You hear it all the time.
I’m done with church.
I don’t really need to go to church…my relationship with God is personal.
I’ve had it with organized religion.
The church is a man-made invention, not God’s idea.
I completely understand why a growing number of people are bailing on church. Even people who used to lead in the church often stop attending (here are [nine] reasons why church leaders do that).
We’ve spent a lot of time working through the issue of declining church attendance (and growing disillusionment with the church) on this blog and in my leadership podcast. (For a summary of the issues, here’s a piece on the 10 reasons even committed church [attendees] are attending church less often).
I get it.
The church is far from perfect. Life is complex. There are growing options. And the post-modern mind distrusts most things organized or institutional.
But as trendy as the idea of writing off the church may be, it’s a mistake.
While writing off the church passes as sophisticated thinking, it’s actually the opposite; what if it’s a simplistic and even reductionistic line of thinking that leads nowhere constructive?
THE CHURCH ISN’T EVEN BIBLICAL, IS IT?
People argue the idea of church isn’t even biblical.
So let’s start with the basics.
First, if you’re a Christian, church is not something you go to. It’s something you are.
You can’t disassociate from church as a Christian any more than you can disassociate from humanity as a person.
You don’t go to church. You are the church.
Second, the church was not a human invention. Half-reading the New Testament with one eye closed will still lead you to the inescapable conclusion that the church was God’s idea.
In fact, most of the New Testament is not about the teachings of Jesus. It’s about the work of the church that Jesus initiated and ordained. I won’t fill this post with [S]cripture verses that prove my point, because, quite frankly, you’d have to get rid of the majority of the New Testament to argue that the church was a parenthetical, made-up organization.
If you want to get rid of the church, you also need to get rid of Jesus.
You can’t have one without the other.
MAYBE WHAT BOTHERS YOU SHOULD ACTUALLY AMAZE YOU
I understand that the idea of the church being imperfect makes some people despair.
But rather than making us despair, the fact that Jesus started the church with imperfect people should make us marvel at God’s incredible grace.

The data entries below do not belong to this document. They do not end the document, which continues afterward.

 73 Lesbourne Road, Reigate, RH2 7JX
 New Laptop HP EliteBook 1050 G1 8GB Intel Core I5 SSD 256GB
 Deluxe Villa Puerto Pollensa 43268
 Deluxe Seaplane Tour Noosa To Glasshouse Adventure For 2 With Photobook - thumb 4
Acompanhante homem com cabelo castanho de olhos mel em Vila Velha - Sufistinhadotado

That God would use ordinary, broken human beings as vessels of his grace, and delight in it is awe-inspiring. He’s proud of how his grace is beating through your imperfect-but-redeemed life and through the church (have you ever read Ephesians 3: 10-11?).
The idea that God would use you and me is pretty amazing. He had other options.

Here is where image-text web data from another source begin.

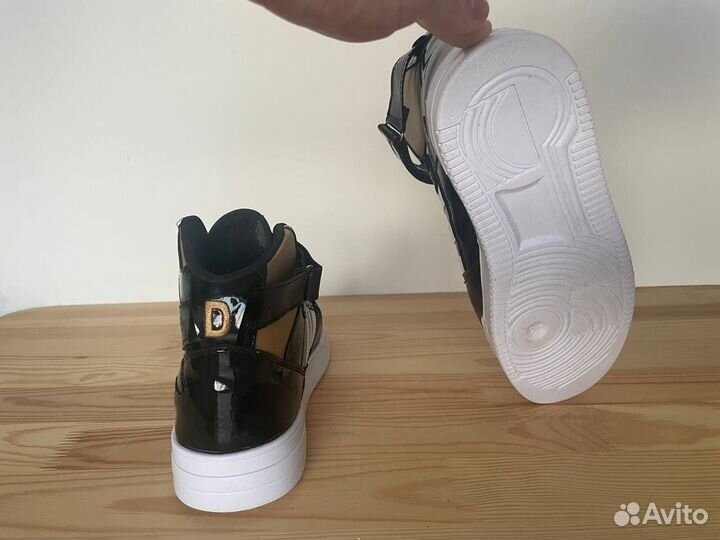 Высокие кроссовки adidas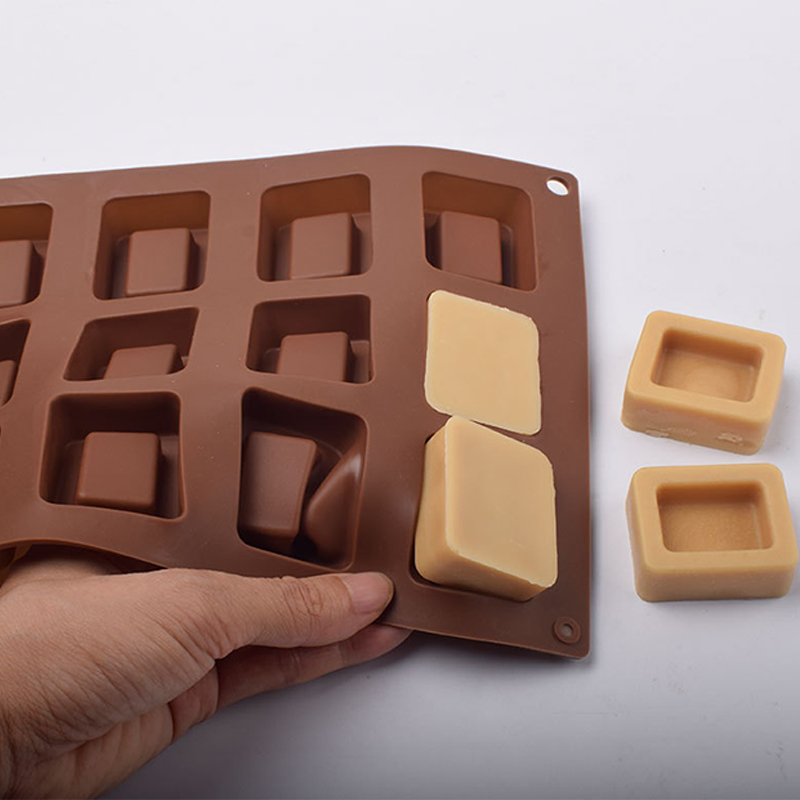 正方形ドーナツ型シリコンケーキ型、ゼリー、プリン、チョコレー - Donut Mold Silicone のレビューと価格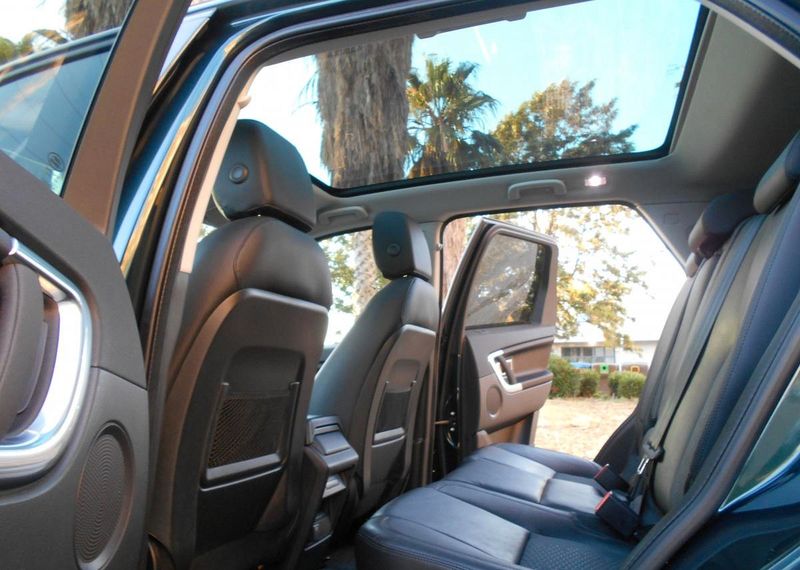 Land Rover LR2 • 2016 • 160,000 km 3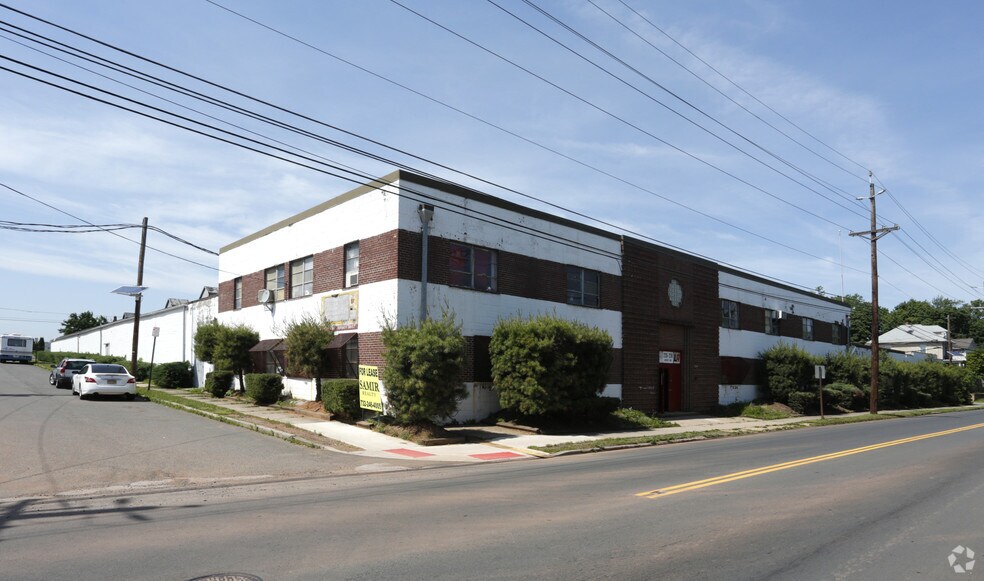 235-239 Jersey Ave, New Brunswick, NJ à louer - Photo du bâtiment - Image 2 de 4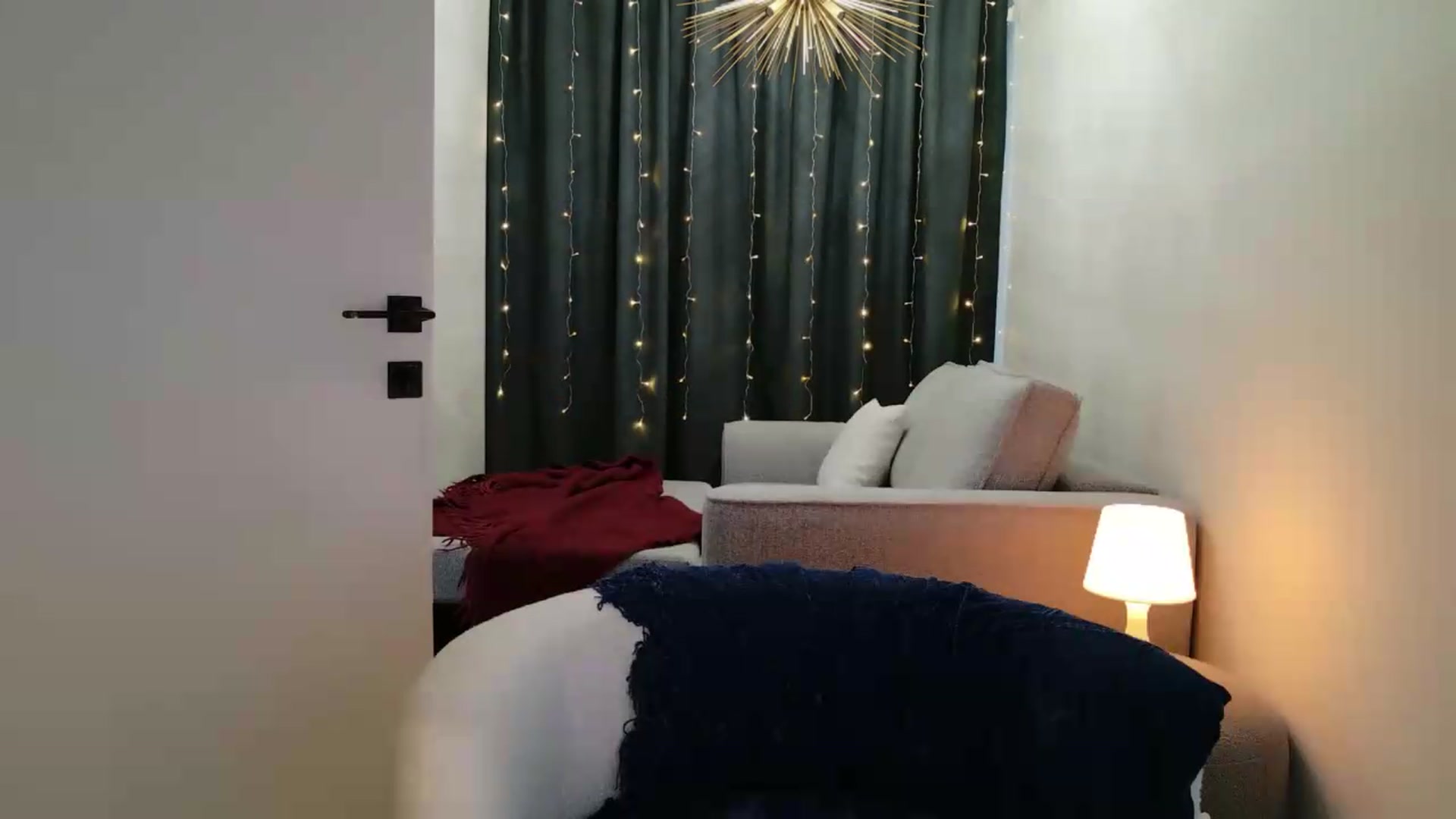 Gallery image thumbnail from Rockn_Grace's myfreecams stream on, 07/11/2026, 16:55 image 9 of 20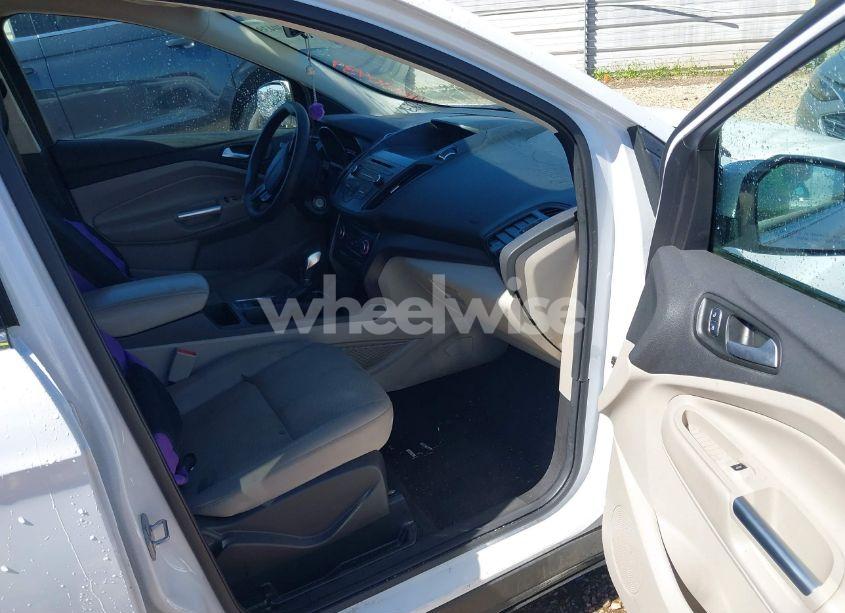 Photo 5 of 2018 Ford Escape SE (VIN 1FMCU0GD7JUA47722)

He could have spoken to the world directly but instead chose to use broken people to showcase his grace to a world in need of redemption.
For sure, community is messy.
People sin. Leaders are sinful.
Most of the New Testament is not a story of an idealized church where everything worked perfectly all the time (just read 1 Corinthians any time you’re frustrated with your church).

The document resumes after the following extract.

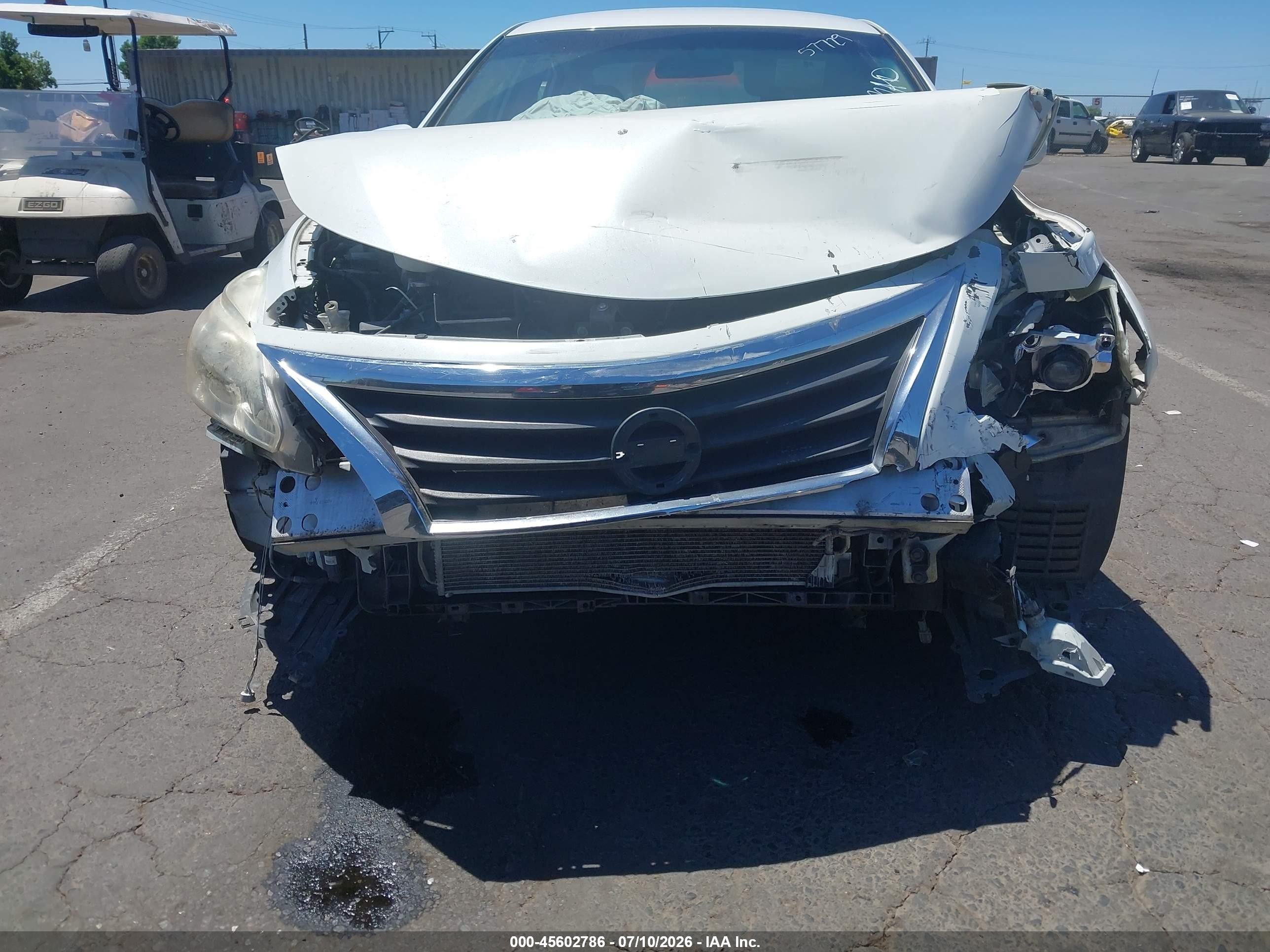 2014 Nissan Altima 2.5 S White vin: 1N4AL3AP9EC319837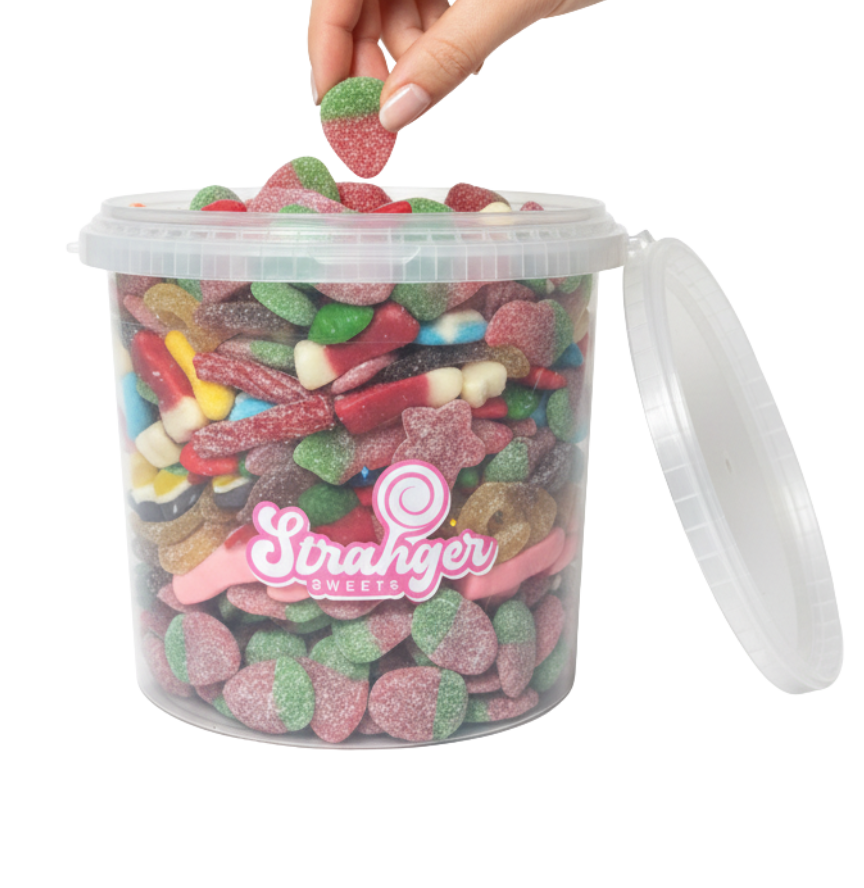 Mano che prende caramella da candy bucket 3.5kg - secchiello trasparente con mix caramelle gommose colorate frizzanti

Most of the New Testament is a story of Jesus using his followers to spread his love in spite of themselves and as they overcome obstacle after obstacle.
The fact that Christ uses flawed people to accomplish his work on earth is actually a sign of [H]is grace, not a sign of [H]is absence.
The church’s story, as twisted as it gets at times, is a beautiful story of God’s grace, God’s power, and God’s redemption.
So, by the way, is your life, which reflects the story of the church more than you would want to admit.
The church gives the world a front row seat to the grace of God.
THE ULTIMATE CONSUMERISM ISN’T GOING TO CHURCH…IT’S WALKING AWAY FROM IT
People criticize the church today as being consumeristic. And to some extent, churches cater to consumerism — often to our detriment. I agree that consumerism is a problem for Christianity.
But ironically, much of the dialogue about why people are done with church pushes people deeper into Christian consumerism than it pushes them into deeper discipleship: Here I am, all alone, worshipping God on my schedule when it’s convenient for me.
Listening to a podcast of your favorite preacher while you’re at the gym or on the back deck and pushing three of your favorite worship songs through your [earbuds] does not make you a more passionate Christ follower.
It usually makes you a less effective one.
Disconnecting yourself from community is actually less faithful than connecting yourself to a flawed community.